Tower is a village in Cheboygan County. It was initially settled because it was located on the Black River and lumbering was taking place there. From this site, logs could be floated to Cheboygan lumber mills. It also helped that Tower was a station for the Detroit and Mackinaw Railroad.
Tower was named for the daughter of Samuel S. Tower, who was a resident in that area. His daughter was a volunteer nurse in the Spanish American War. She caught typhoid fever while nursing and she died in 1898. Ellen was the first American woman to die for her country on foreign soil. She was also the first American woman to be honored with full honors in a military funeral. Over 3,000 people attended her funeral. The people of Cheboygan County honored her by naming their village after her in that area.
Tower was platted in 1899. Soon it had a post office, a general store, a barber shop, hotels, three churches, a school, a dance hall, a fire department with a horse drawn fire truck, and seven saloons.
By 1910, the settlers had added a bank, a graded school and sawmills that manufactured shingles and staves. There were five sawmills close by that made lumber, handles, butter bowls, and more shingles. Tower had telephones. It was a booming Cheboygan County village.
A year later, on July 14, 1911, Michigan suffered a huge forest fire which nearly destroyed Tower. At that time roads and trails were covered with sawdust. There was no blacktop or cement. Sawdust was a perfect fuel to spread fires throughout Northeast Michigan.

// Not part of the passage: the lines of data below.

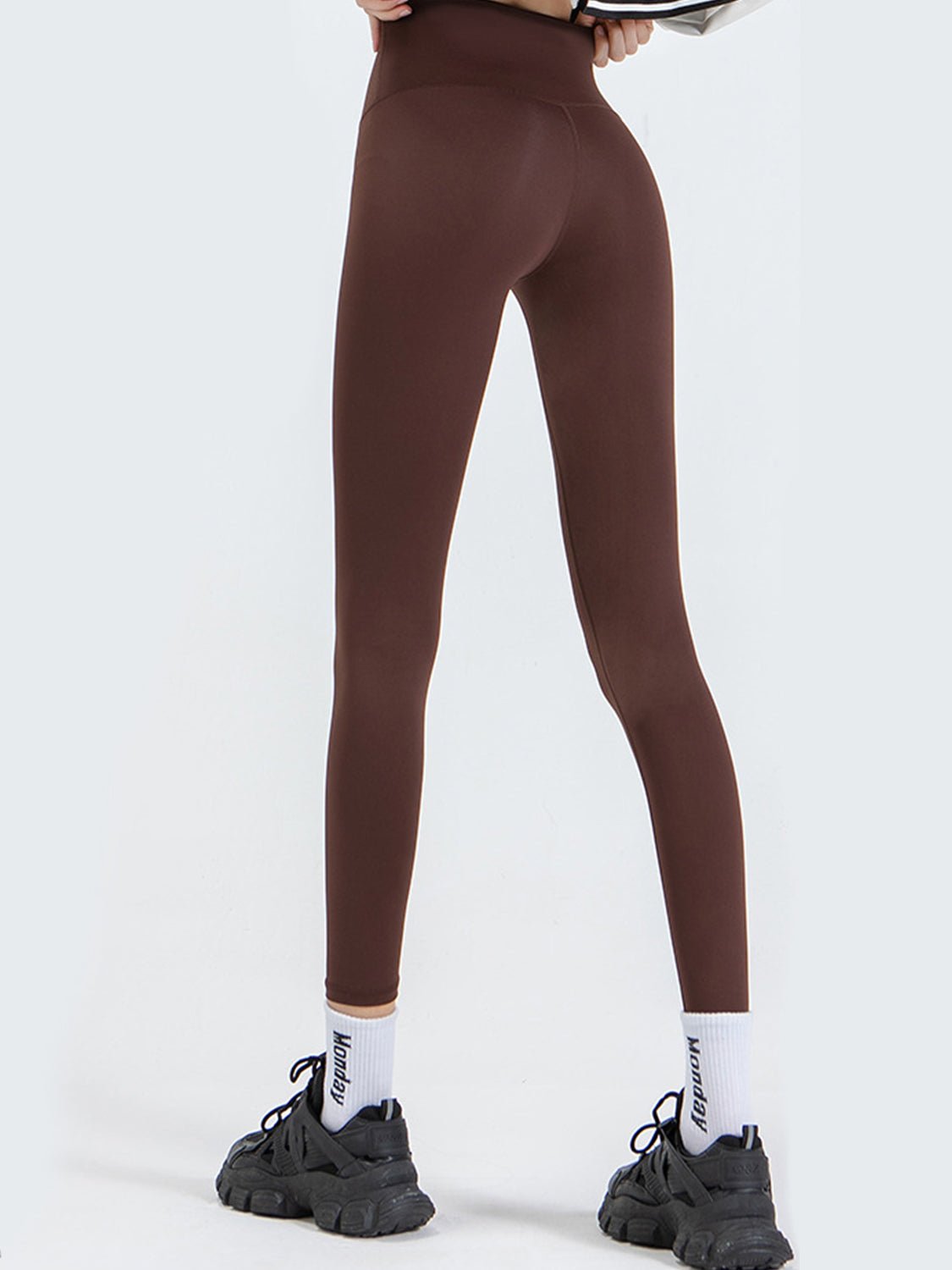 Wide Waistband Sports Leggings designed for comfort and style at Lookzlike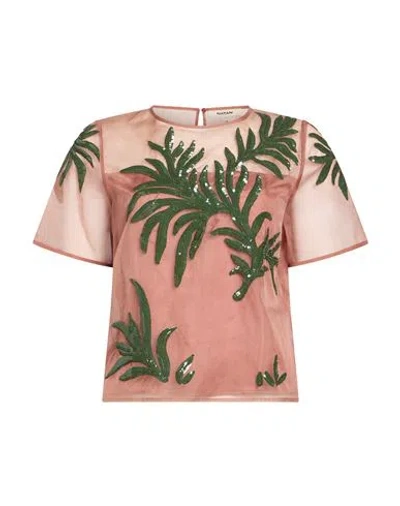 Natan Woman Top Antique Rose Size 10 Nylon In Pink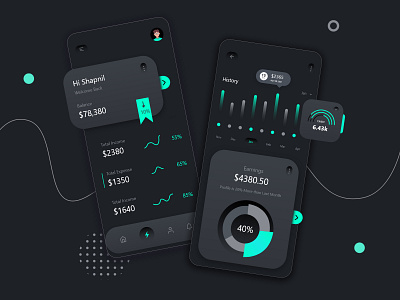 Dark Theme Finance App adobe xd android app android app design best shot dark theme ui dark ui dribbble best shot finance app ios app ios app design mobile app mobile app design ui design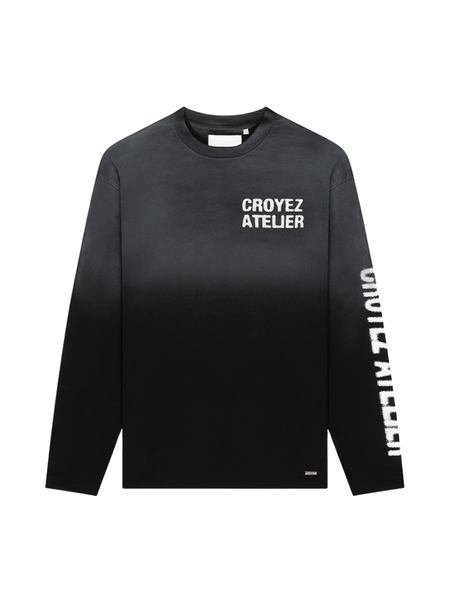 Croyez Croyez Sprayed Atelier Longsleeve T-Shirt - Black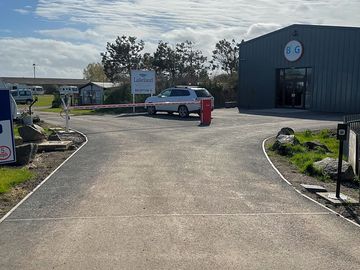 The site entrance
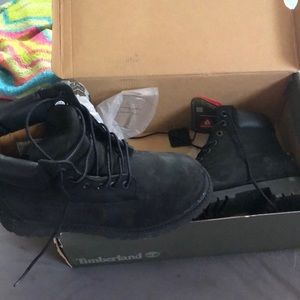 Timberland boots all black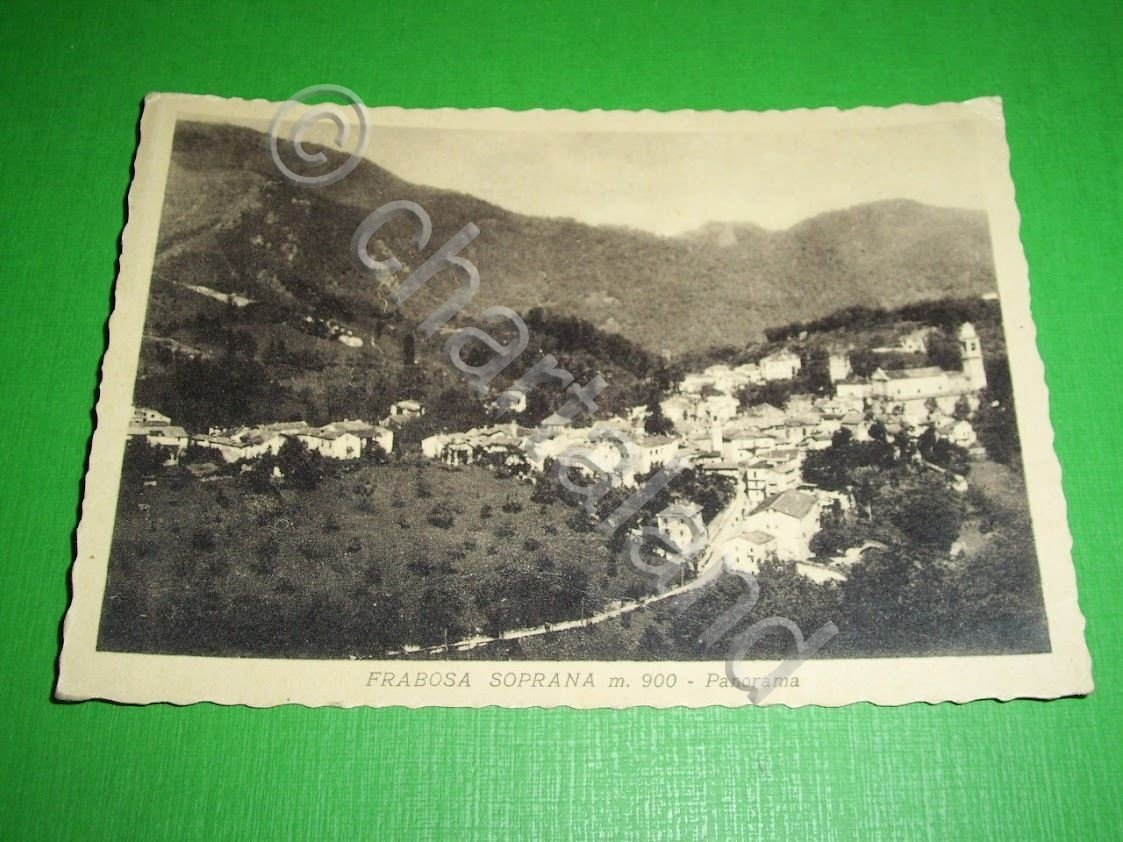 Cartolina Frabosa Soprana - Panorama 1952.
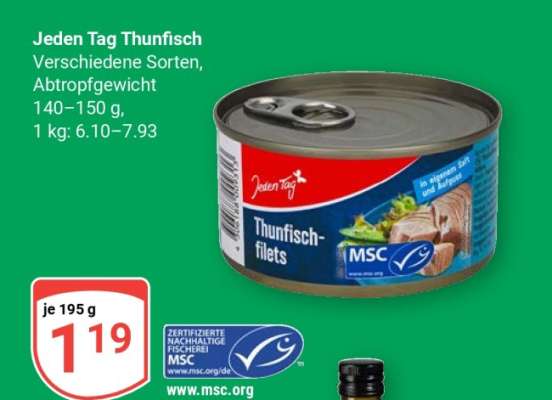 Jeden Tag Thunfisch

It was very hot that day. The temperature reached 100 degrees in the shade. A newspaper showed a man pleading to get into Hell.
Pleading, “Let me get in! I am looking for a cool spot,” the devil answered, “come in quickly and close the door.”
On July 11, fire and smoke drove half of Tower’s population from the village. They rushed out in every available buggy, carriage, or wagon that was available.
The other half had gone to Cheboygan to see a circus. Lucky them!
Half a dozen men stayed to fight the fire. They did save a huge pile of lumber, a mill, and more. Only eleven cars of the Cheboygan and Mackinaw Railroad were saved.
This fast-spreading fire spread to adjoining Waverly Township, and there was much loss there.
In South Forest Township, six miles south of Tower, Louis Wilton, my grandfather, his brother, George Wilton, and William Bailey lost their homes and outbuildings. They survived by sitting in boats in the middle of Black River where they watched the fire rage around them. My aunt was there. She told me that it was hell!
George Wilton moved into Onaway. Louis and Bailey rebuilt.
Tower never made a full recovery. The lumber industry was gone. About 18 years later, when our nation’s greatest depression brought everyone to their knees, people lost their jobs everywhere and former Tower residents went there and built pole and tar paper houses. They kept a cow, a couple of pigs, some chickens, and tended a garden in order to survive the Great Depression.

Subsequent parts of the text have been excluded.